At first blush it would seem that there's no more hidebound movie genre than the Western, which has been with us since the dawn of narrative film and has accumulated as many cliches as it has tumbleweeds.

But in fact, as the quintessential American form, the Western has shown a remarkable elasticity. The Taiwanese-born, American-educated director Ang Lee comes to his new film, the post-Western Brokeback Mountain, having already made a pre-Western with the 1999 Ride With the Debi.

Brokeback Mountain is a lush, haunting, bittersweet film about love and loss and the impossibility of being true to one's desires. You might go into the movie expecting to snicker at its stars or at a Hollywood intent on politicising even the most sacrosanct of film genres. But you're likelier to come away stirred, haunted and deeply moved.
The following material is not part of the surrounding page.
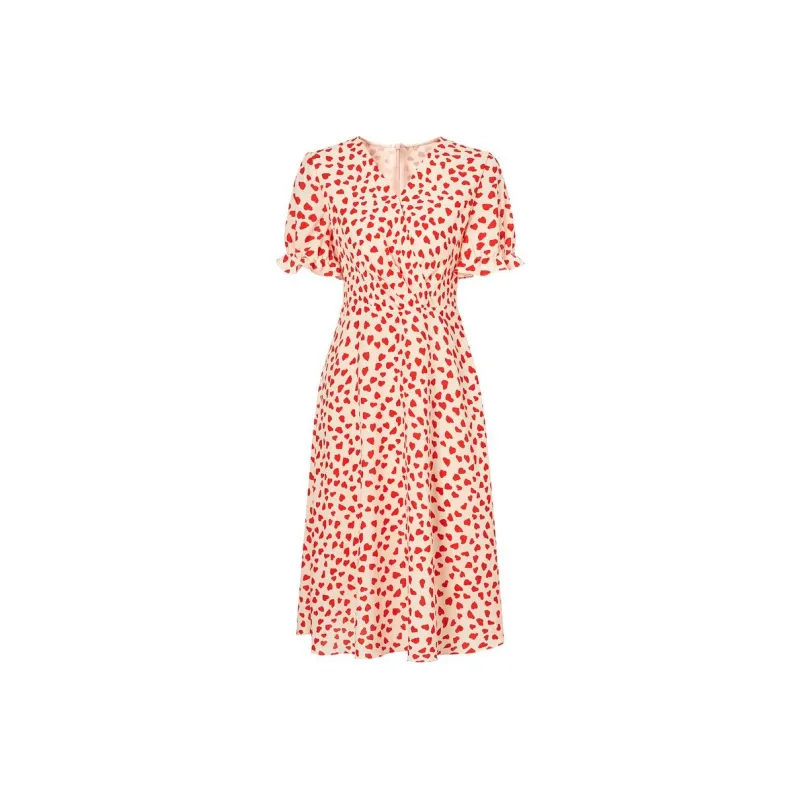 JZ Juzui Short-Sleeved Dresses Women's Red Floral-0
The film opens in 1963, when Jack (Jake Gyllenhaal) and Ennis (Heath Ledger) are hired to spend the summer looking after a flock of sheep on Brokeback Mountain. For reasons of secrecy-they're illegally keeping the animals on federal land-they're ordered to spend the nights apart: one in the high country with the sheep, the other at a designated campsite. The two are rough-hewn, almost stereotypically so.

But when they separate at summer's end, there's an unspoken poignancy thick in the air. Ennis goes home and marries, Jack hits the rodeo circuit and finds a wife as well -a rich one in Texas. But they both think back to Brokeback Mountain, especially Jack.
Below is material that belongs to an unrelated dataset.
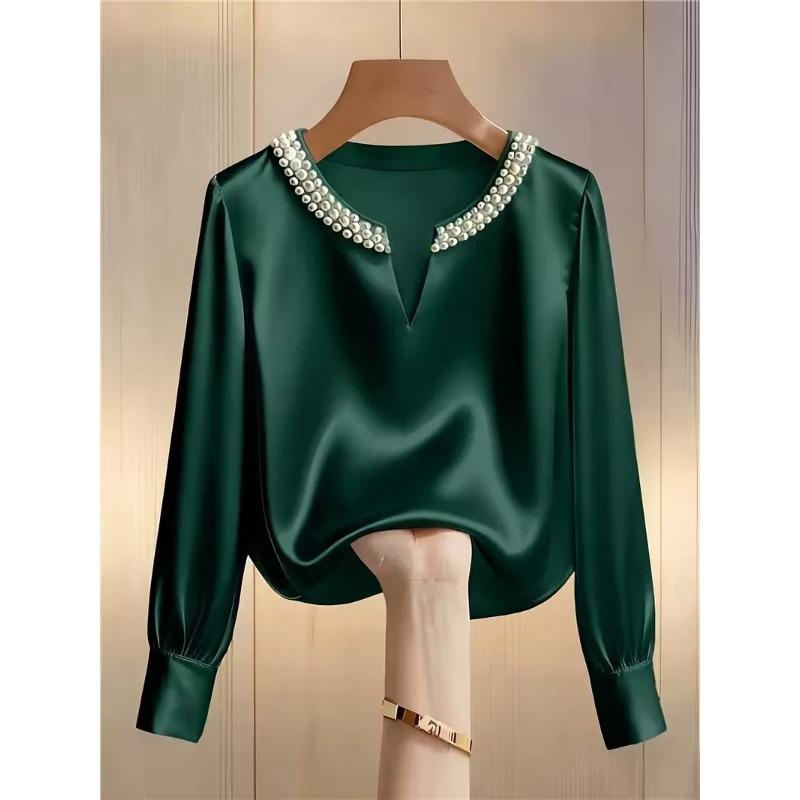 Bluză Satinată cu Mărgele, Decolteu în V, Mânecă Lungă, pentru Femei, Top Elegant Formal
After a few years, he starts making regular visits to Wyoming so that he and Ennis can return to the mountain, telling their families they're fishing. Over time-more than a decade-their lives change but they keep revisiting the scene of their youthful love, grasping for something that brought them happiness and which they could never fully own, not in this life, not in this world. It's a simple story but it's elongated to more than two hours by Lee with an emphasis on gorgeous photography and a laconic musical score by Gustavo Santaolalla.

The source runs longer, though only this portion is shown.